Currently a new clinical total-body PET scanner [3,4] is in an advanced stage of development. This major advance in instrumentation will allow, for the first time, the scientific community to gain access to continuous all-levels whole-body PET human dynamic datasets – something only currently available for small animals. This new feature will be invaluable for integrated systems level analyses. Introducing the use of whole-body PET to understand and interpret biology at a whole organism level will also allow for quantification of off-target drug engagement. The immediate consequence of this new stream of PET research would include ability to advise pharmaceutical companies better not only on optimal dosage for target engagement (current reality), but instead optimal dosage for target engagement with minimal off-target effects (future reality). There are, however, challenges to fully realizing this potential, in particular harnessing even larger PET datasets and understanding the dynamics of multi-organ systems.
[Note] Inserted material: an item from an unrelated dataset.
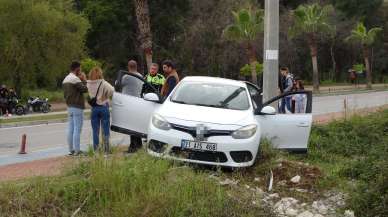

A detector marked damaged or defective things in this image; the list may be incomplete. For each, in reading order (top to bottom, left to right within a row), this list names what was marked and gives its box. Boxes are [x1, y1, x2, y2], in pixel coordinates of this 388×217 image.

At the University of Edinburgh, Dr Tavares is leading a program of radiotracer discovery and development for various targets, including inflammation (18kD translocator protein, TSPO, radiotracers), angiogenesis (nicotinic alpha7 receptors) and fibrosis (proline analogues). The imaging datasets generated from these research avenues will be made available for data mining and the development of novel image analysis methods proposed in this project. This PhD studentship aims to develop new PET kinetic modelling tools (software and plug ins) to quantify target and off target kinetics of PET radiotracers in the whole-body. Currently available and traditional PET kinetic modelling tools were designed for exclusive modelling of brain PET data. Ultimately, the methods developed here would be useful to pharmaceutical companies and regulators when assessing performance of new medicines. Furthermore, this studentship aims to assess the use of network analysis for mining and interpretation of big PET whole-body datasets (led by Prof Tom Freeman). If successful, this alternative approach would help mining big PET datasets with potential for drug companies and regulators to undertake re-purposing screening exercises more efficiently and rapidly.

Aims
This PhD project is truly a multidisciplinary proposal that brings together cutting-edge specialised molecular imaging expertise from biology, medical physics and bioengineering disciplines. This project aims to develop software and methods of image analysis, which will help extract data from rich multiparameter and multidimensional PET images.

Training outcomes
The student will be primarily based at the Edinburgh Preclinical Imaging (Dr Tavares) facility, a state-of-the-art infrastructure with a unique set up for in vivo preclinical imaging. Adjacent to this facility is the image analysis lab, part of the Edinburgh Imaging-QMRI, where cutting-edge
imaging software is available and novel software is continuously been developed. At the Roslin Institute, cutting-edge network analysis software is currently being developed (Prof Freeman) and its applicability of such software to PET imaging datasets will be explored in this project.
The student will have the opportunity to gain specialized skills in the following techniques: animal biology, medical physics, computer programming, image processing and network analysis, bioengineering, kinetic modelling and in vivo small animal imaging techniques.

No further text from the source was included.